GDP not quite the blockbuster
This morning we got the advanced Q4 GDP estimate, which saw the growth rate for Gross Domestic Product come in weaker than consensus estimates, a surprise to no one who regularly reads our work. Yesterday, the Atlanta Fed’s GDPNow model forecast was for 3.4% in Q4 while the Wall Street Journal survey of economists pinned the number at 2.9%. The reality was 2.6% is a solid number, but a decline from the 3.2% in Q3 and 3.1% in Q2. Overall 2017 saw the strongest growth rate since 2014, when GDP rose 2.7%.

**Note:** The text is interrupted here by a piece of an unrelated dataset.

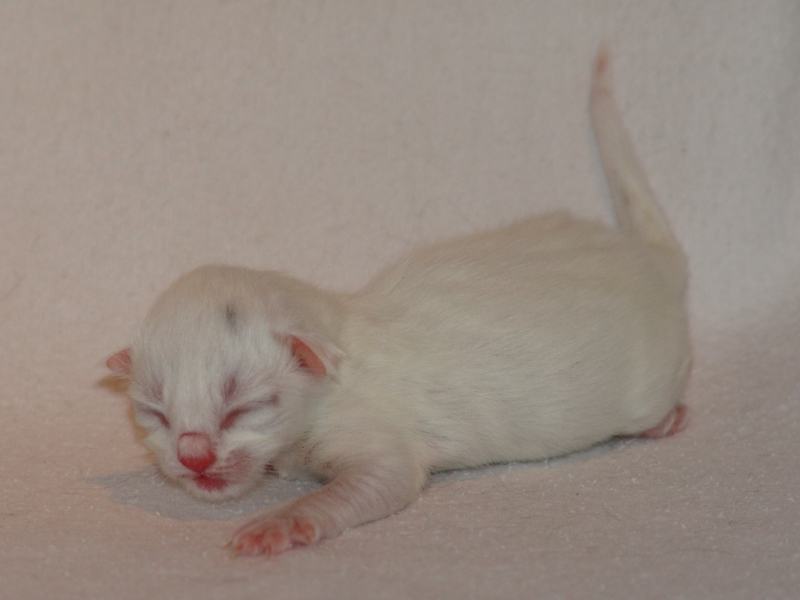 Gandalf (0 Tage alt)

Looking into the details here is what I found:
- The biggest driver of growth was consumption, adding 2.6% to GDP, versus adding 1.5% in Q3. Durable goods demand was quite strong, but some of that is a result of the string of brutal natural disasters which damaged/destroyed homes and autos. We also saw stronger spending on clothes and restaurants.
- Investment added just 0.6% to GDP versus 1.2% in Q3. The rate of fixed investment growth nearly tripled from Q3 but inventory dropped from adding 0.8% in Q3 to subtracting -0.7% in Q4.
- Trade was the big whopper here, removing 1.1% from GDP versus adding 0.4% in Q3. The export of goods was strong, rising to 1% in Q4 from 0.2% in Q3, but Imports detracted 2% from GDP, despite those stronger exports. The goods trade deficit made a new high, the largest since Q3 2008.
- Finally, government spending added 0.5% to GDP versus just 0.1% in Q3. The growth was at both the state/local and the federal level.
The bottom line is that growth in the fourth quarter was utterly consumer-dependent and the average consumer is financially stressed. The year over year growth in real earnings for roughly 80% of the population has been less than 1% over the past year, the personal savings rate has dropped to a decade low of 2.9%, and credit card debt has again reached record highs. Without material gains in wages, the current rate of spending growth cannot be maintained.